My wife pointed out that I am no longer the introverted guy she married 20 years ago. This got me to thinking about how this came to pass. She is right (don’t ever tell her I said that) about me having been an introvert. I have leaned that way since I can remember. I was always awkward socially, terrible with and terrified by the opposite sex, reclusive, antisocial, and a bit of a fire bug. Basically a serial killer in the making if documentaries are to be believed. I never hurt animals though. I quite preferred their company to that of people. Sometimes I still do, truth be told.
Really. Who wouldn’t prefer the company of these guys?

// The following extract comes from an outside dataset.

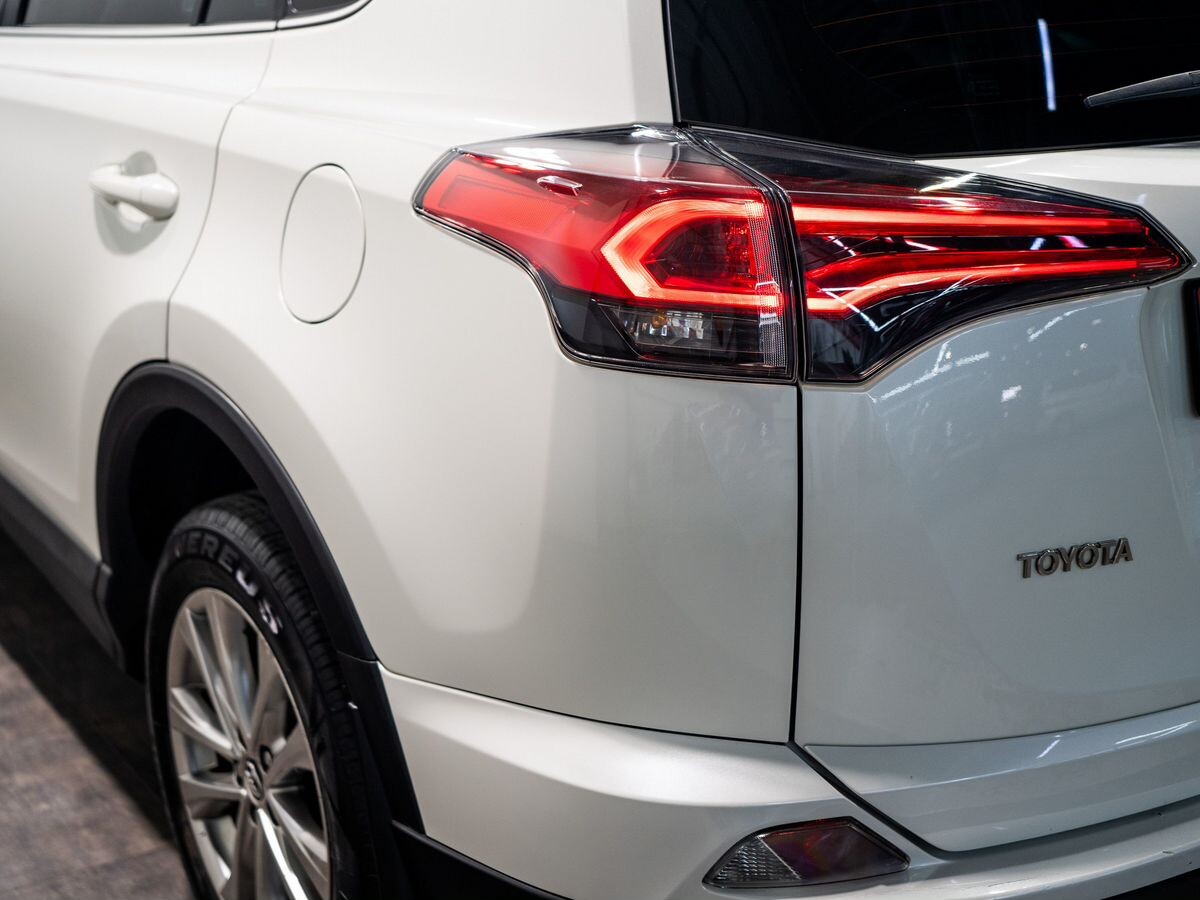 Toyota RAV4 2017 - фото автомобиля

This isn’t me these days. Except for the socially awkward part. If you’ve read any of my blog entries, you’ll have seen some of the things that run through my head. More often than not, these things come out in social settings. Typically, they induce uncomfortable silences from those that hear me. Then I have to fill the silent void with things in hope of making it entertaining. My wife thinks this is how I came to be afflicted with Moosa. She still claims it to be a demented fabrication, but she’s a psychologist, not an M.D. If she was up to speed on her dementia she would know that mad cow is often mistaken for Alzheimer’s which is a form of senile dementia. And that is just half of the mutated thing I dubbed Moosa. Don’t judge me.
That said, memory is a funny thing. I don’t remember certain things that happened while living on Fort Riley, Kansas, that still entertain my parents to this day. I wasn’t even in the first grade yet, but they laugh when they tell me how I put little balls of poo in my dad’s combat boots. I don’t remember rubbing my junk on the sliding glass door while standing between the curtain and the glass. I guess it kind of freaked my mother out who was in the back yard watching funnel clouds with her friends only to have them point out a scrawny kid hitting a home run with a glass door while grinning like an idiot. Good times. These are the kinds of things I wish I could remember so I could introduce them as topics of discussion in polite company. Now they are just second hand stories rather than my own.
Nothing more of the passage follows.